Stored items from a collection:
+---+

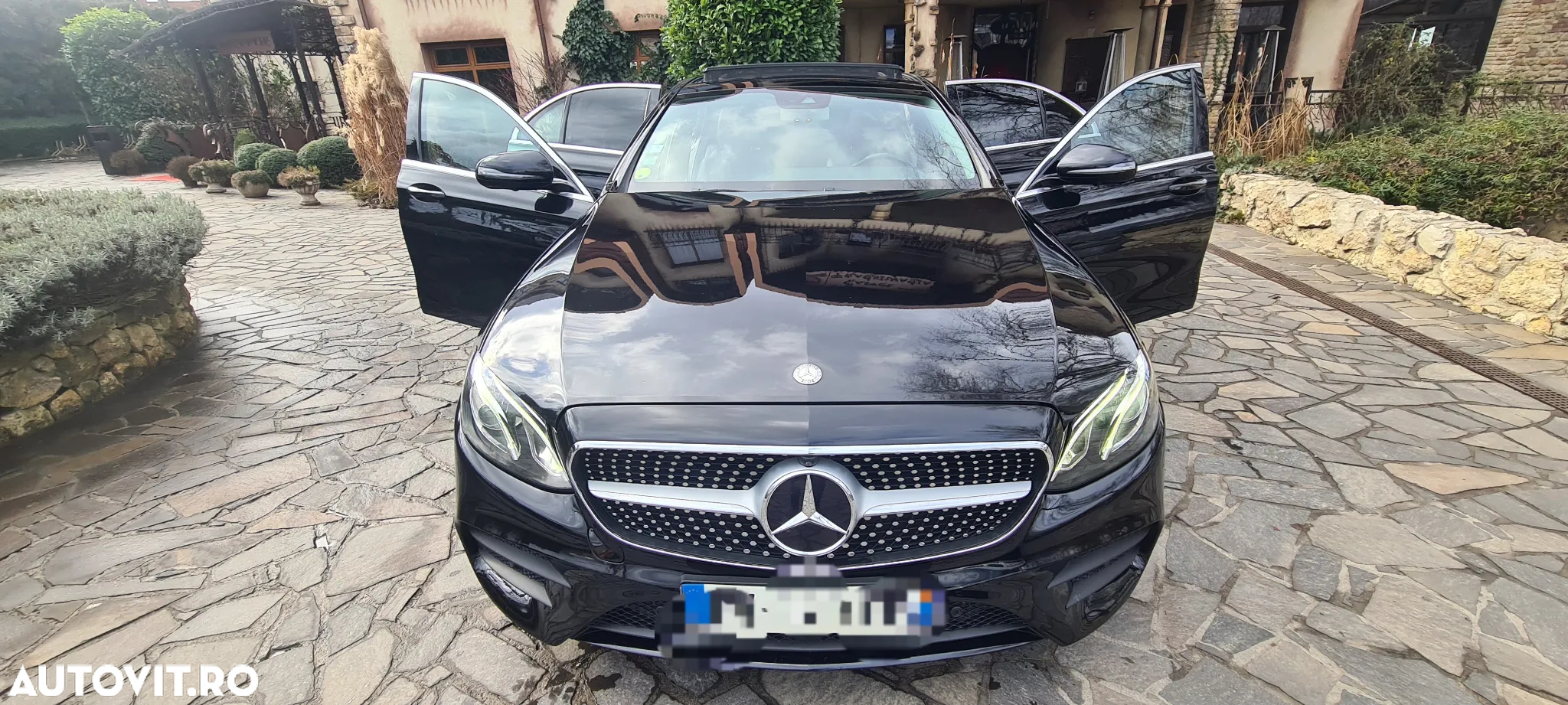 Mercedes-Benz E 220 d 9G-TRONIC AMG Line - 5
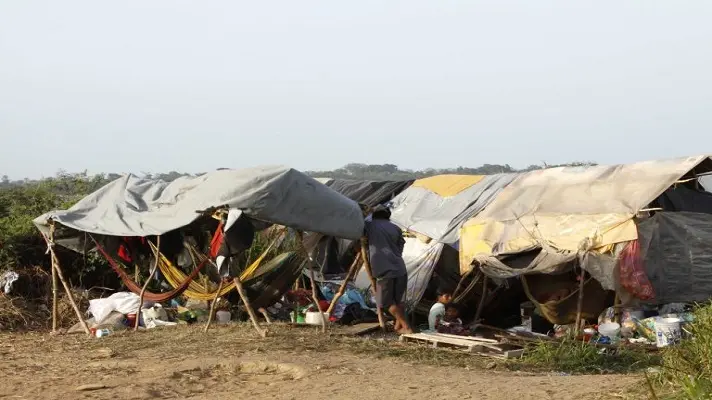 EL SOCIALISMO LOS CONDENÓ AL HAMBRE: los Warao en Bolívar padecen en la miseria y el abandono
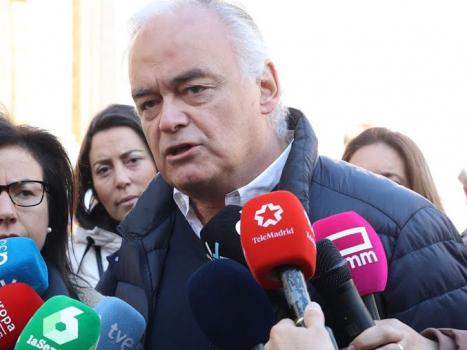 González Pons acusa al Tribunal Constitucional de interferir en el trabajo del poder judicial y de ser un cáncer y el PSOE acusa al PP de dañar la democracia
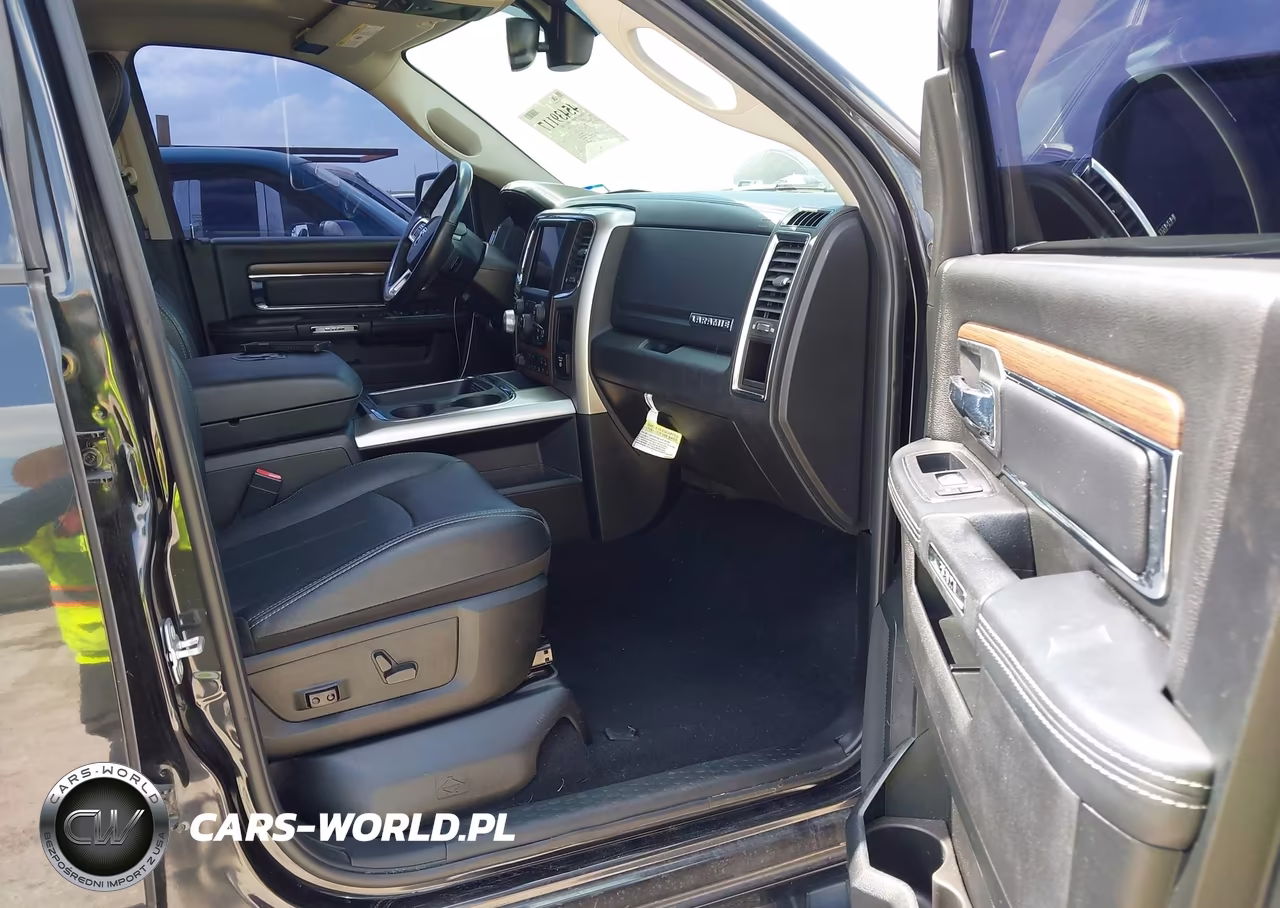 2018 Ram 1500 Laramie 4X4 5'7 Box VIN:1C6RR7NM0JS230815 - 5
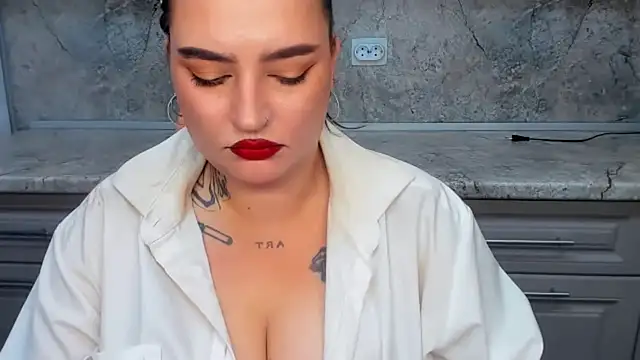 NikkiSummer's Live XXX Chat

+---+

• WHAT YOU NEED TO DO
What is needed is an exact restatement of the lines from the line with "González Pons acusa" through the final line of the data, pictures excluded.

• REPLY
 González Pons acusa al Tribunal Constitucional de interferir en el trabajo del poder judicial y de ser un cáncer y el PSOE acusa al PP de dañar la democracia
 2018 Ram 1500 Laramie 4X4 5'7 Box VIN:1C6RR7NM0JS230815 - 5
 NikkiSummer's Live XXX Chat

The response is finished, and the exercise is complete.